By Pavel Salazar-Fernandez (epsalazarf@gmail.com)
Human Population and Evolutionary Genomics Lab | LANGEBIO
Documentation: pong (GitHub)
This document explains how to generate multiple ADMIXTURE data for integration in pong.
pong is a package consisting of a new algorithm for fast post-hoc analysis of clustering inference output from population genetic data and a custom, interactive D3.jsbased data visualization. Our package solves the challenges of accounting for label switching, characterizing multiple modes, and aligning Q matrices across values of K by constructing weighted bipartite graphs for each pair of Q matrices depicting similarity in membership coefficients between clusters.

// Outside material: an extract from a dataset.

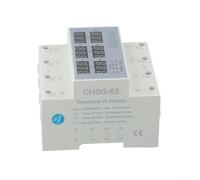 Durashmall Three Phase Digital Over and Under Voltage Relay Current Limiter 63A Adjustable Protector with LED Display for DIN Rail Mounting AC 380V(63A)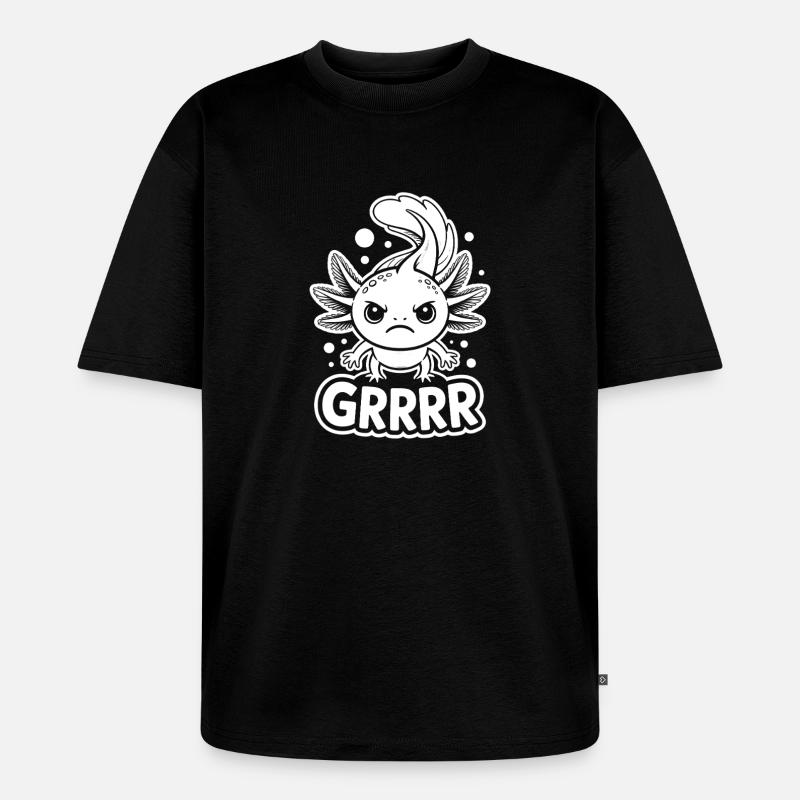Grumpy Axolotl GRRRR - Unisex Premium Oversized Bio T-Shirt - Schwarz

For installation instructions, an introductory tutorial and the detailed manual, check the software web page:
Requires:
-
Get the PLINK binary files (.bed, .bim, .fam) to be analyzed. The dataset must contain only the samples of interest. Preferably, replace the samples'
FAMID
s with their population tags in the.fam
file for easier grouping and sorting. -
Run the multiple ADMIXTURE analysis with the following command (script is annexed at the end of this document):
multiAdmix.sh [DATASET] [minimum K] [maximum K] [iterations]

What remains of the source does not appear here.